Civil rights organizations are poised to file lawsuits over voting reforms that are expected to soon be signed into law by Governor Greg Abbott.
Among the first will be LULAC, the nation’s oldest and largest Latino organization.
Luis Vera, the group’s national counsel, said LULAC and other organizations will be filing lawsuits after SB1 is enacted, claiming the changes will violate the rights of Latino voters.
“We do not intend to take this lying down, period,” said Rodolfo Rosales Jr., of San Antonio, the LULAC state director.
Dr.
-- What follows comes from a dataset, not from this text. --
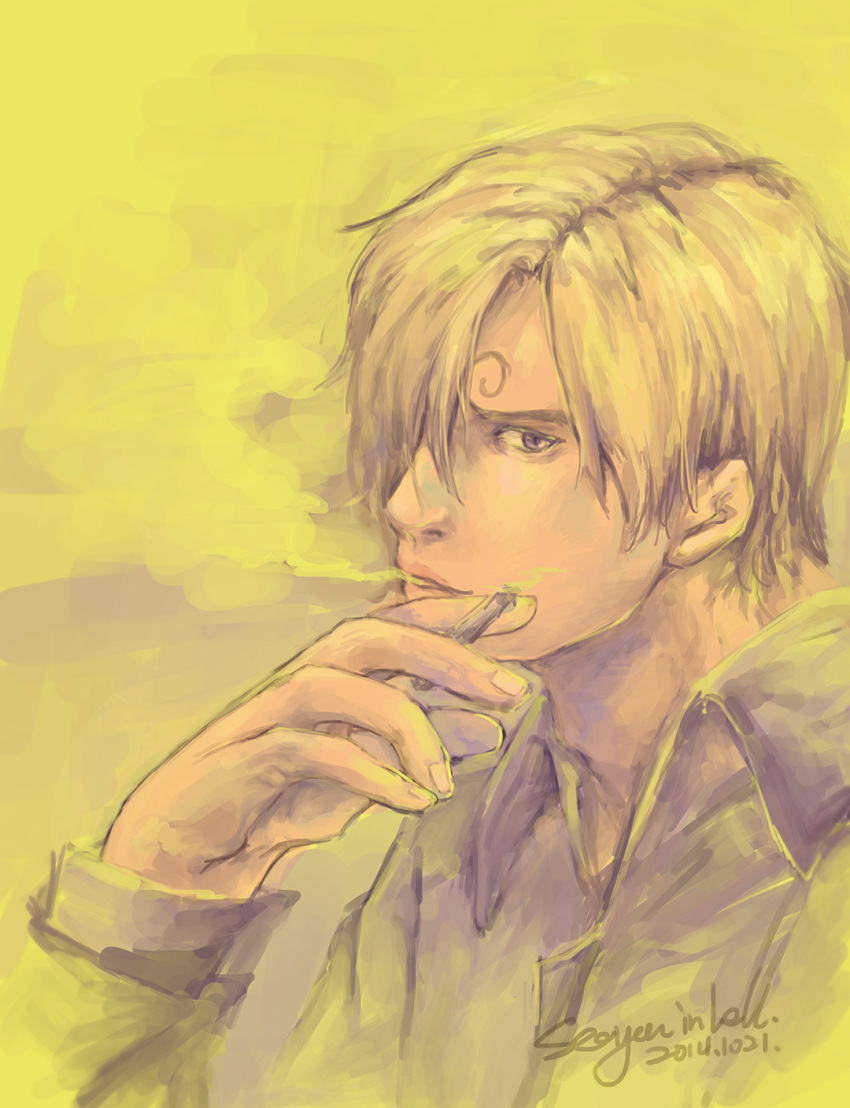 10s, 1boy, 2014, blonde_hair, cigarette, hair_over_one_eye, male_focus, one_piece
Gregory Hudspeth, the local president of the NAACP, said, “We have not had that discussion yet about a lawsuit, but I’m sure that we’re not going to take anything off the table.”
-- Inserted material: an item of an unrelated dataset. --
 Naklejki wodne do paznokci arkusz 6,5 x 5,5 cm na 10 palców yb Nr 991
He said, “What we’re watching here is an effort to limit the diversity of our elected bodies, to limit the diversity of the Texas legislature and to limit the diversity that we have in the United States Congress.”
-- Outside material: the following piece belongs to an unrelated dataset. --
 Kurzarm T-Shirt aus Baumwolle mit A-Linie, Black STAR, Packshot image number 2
Both said changes such as adding ID requirements to absentee voting, limiting early voting hours, and empowering partisan poll watchers, will make it harder to vote for minorities, seniors and people with disabilities.
However, in a statement, House Speaker Dade Phelan said the bill was “a significant step forward advancing the integrity of our elections.”
The text of the bill reads in part it was “enacted solely to prevent fraud in the electoral process and ensure that all legally cast ballots are counted.”
Having been passed by the Texas House late Thursday night, the legislation will go to the governor after any differences between the House and Senate are worked out and adopted.
Once enacted, the law would take effect September 1.